--- Dataset records ---
|---|
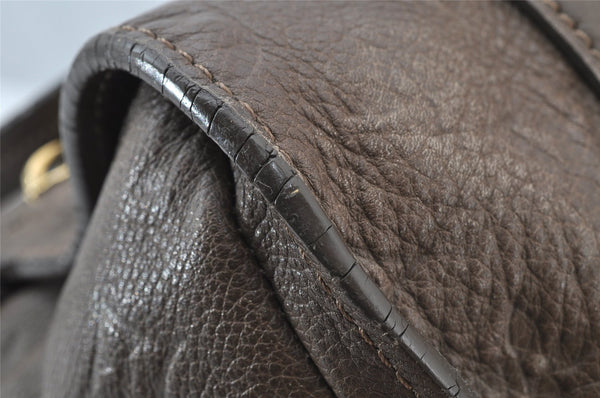 Auth Louis Vuitton Monogram Empreinte Anspire Shoulder Bag Brown M93414 LV 9312I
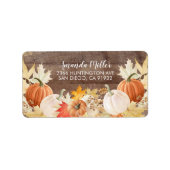 Rustikales Herbstleaves Pumpkins Rücksendeadresse- Adressaufkleber (Vorne)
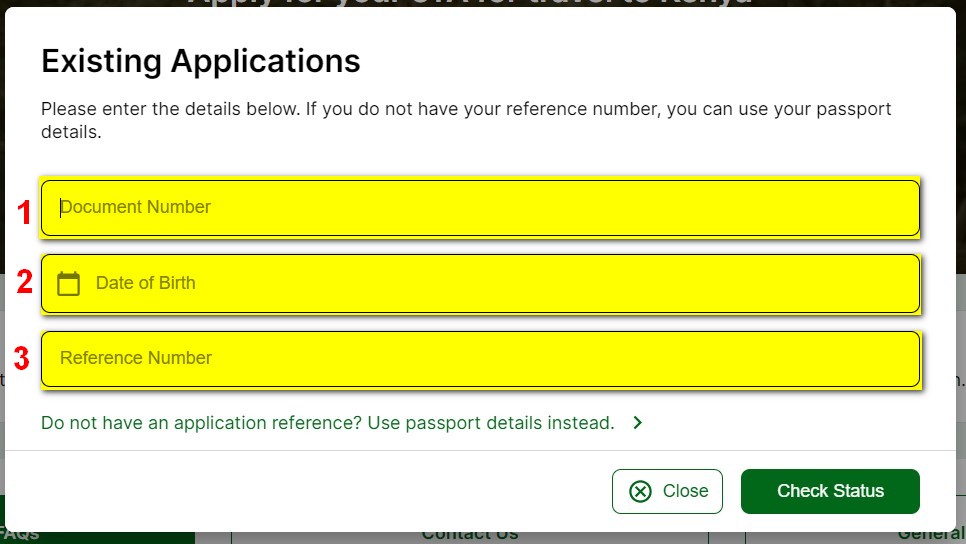 kenya e-visa status check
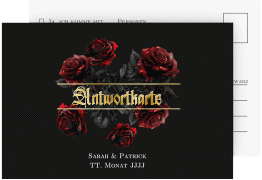 Antwortkarte Hochzeit "Gothic Rose"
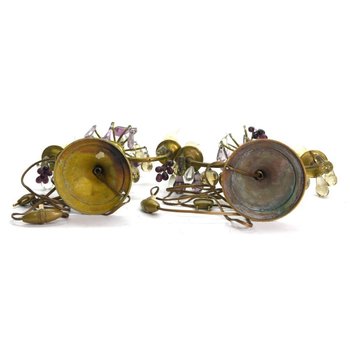 Pair Of 2 Branch Brass And Glass Girandoles With Fruit Design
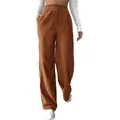 Fashionable brown high-waisted corduroy pants with a loose straight leg fit for women - XS / Bottoms / Orange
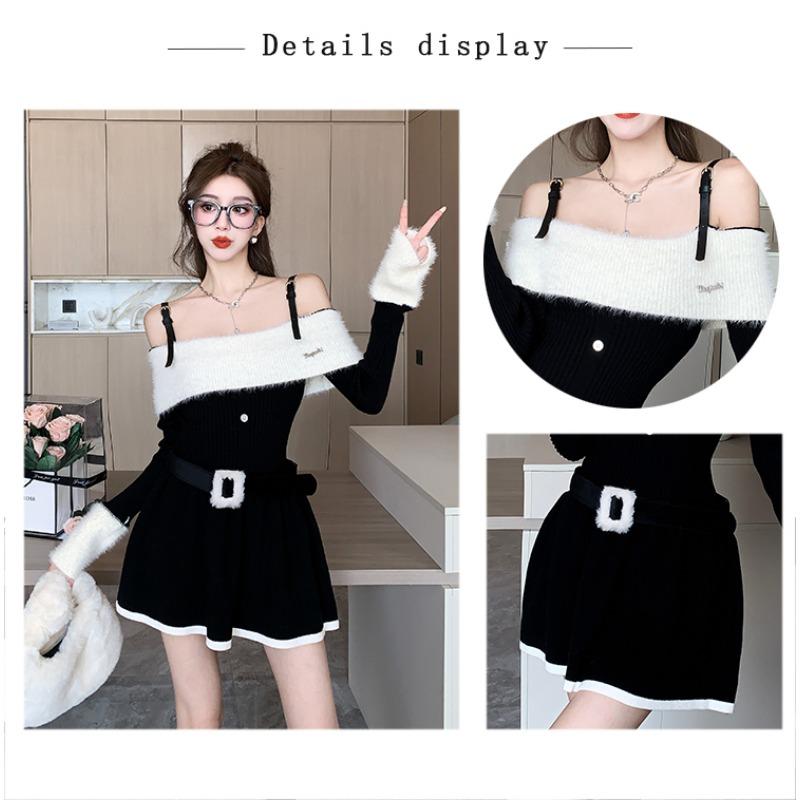 New Women's Sweet Spicy Girl Off-shoulder Long-sleeved Knitted Dress Women's Elegant Sling Pure Desire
|---|
--- WORK ITEM ---
Return exactly the lines that begin with the one containing "kenya e-visa status check" and end with the final line of the data above; include no pictures.

--- REPLY ---
 kenya e-visa status check
 Antwortkarte Hochzeit "Gothic Rose"
 Pair Of 2 Branch Brass And Glass Girandoles With Fruit Design
 Fashionable brown high-waisted corduroy pants with a loose straight leg fit for women - XS / Bottoms / Orange
 New Women's Sweet Spicy Girl Off-shoulder Long-sleeved Knitted Dress Women's Elegant Sling Pure Desire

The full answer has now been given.